··· AVAILABLE RECORDS ···

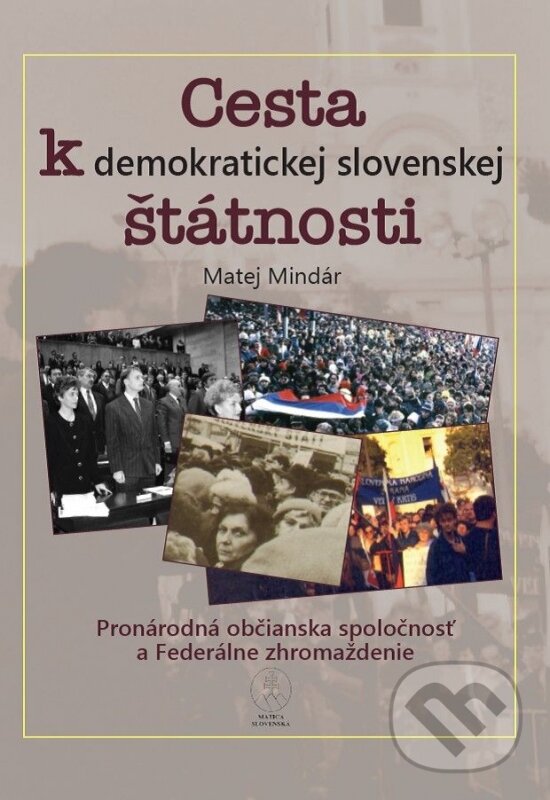 Kniha: Cesta k demokratickej slovenskej štátnosti (Matej Mindár). Matica slovenská, 2024 Kniha: Cesta k demokratickej slovenskej štátnosti (Matej Mindár). Matica slovenská, 2024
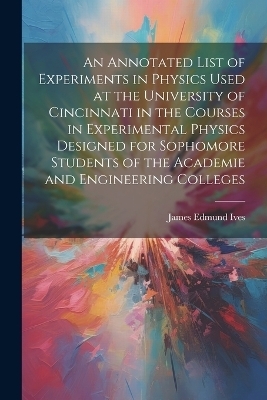 An Annotated List of Experiments in Physics Used at the University of Cincinnati in the Courses in Experimental Physics Designed for Sophomore Students of the Academie and Engineering Colleges - James Edmund Ives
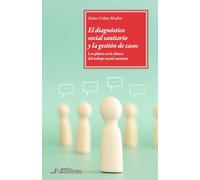 El diagnóstico social sanitario y la gestión de casos: Los pilares en la clínica del trabajo social sanitario: 15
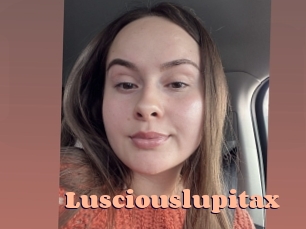 Lusciouslupitax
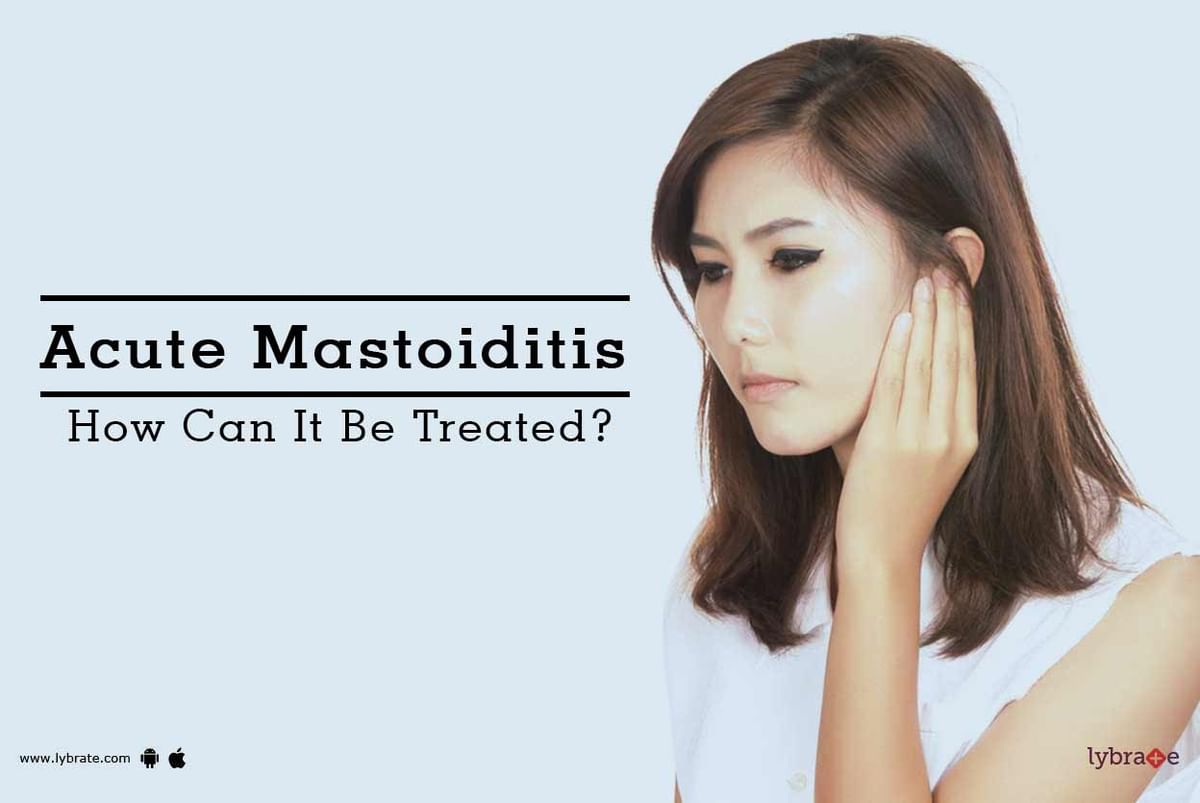 Acute Mastoiditis How Can It Be Treated By Dr Sarika Verma Lybrate 8326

···

* [REQUIRED WORK]
Repeat word for word, and nothing more, the lines between the line containing "El diagnóstico social" and the last line of the records above, inclusive, without pictures.

* [RESPONSE BELOW]
 El diagnóstico social sanitario y la gestión de casos: Los pilares en la clínica del trabajo social sanitario: 15
 Lusciouslupitax
 Acute Mastoiditis How Can It Be Treated By Dr Sarika Verma Lybrate 8326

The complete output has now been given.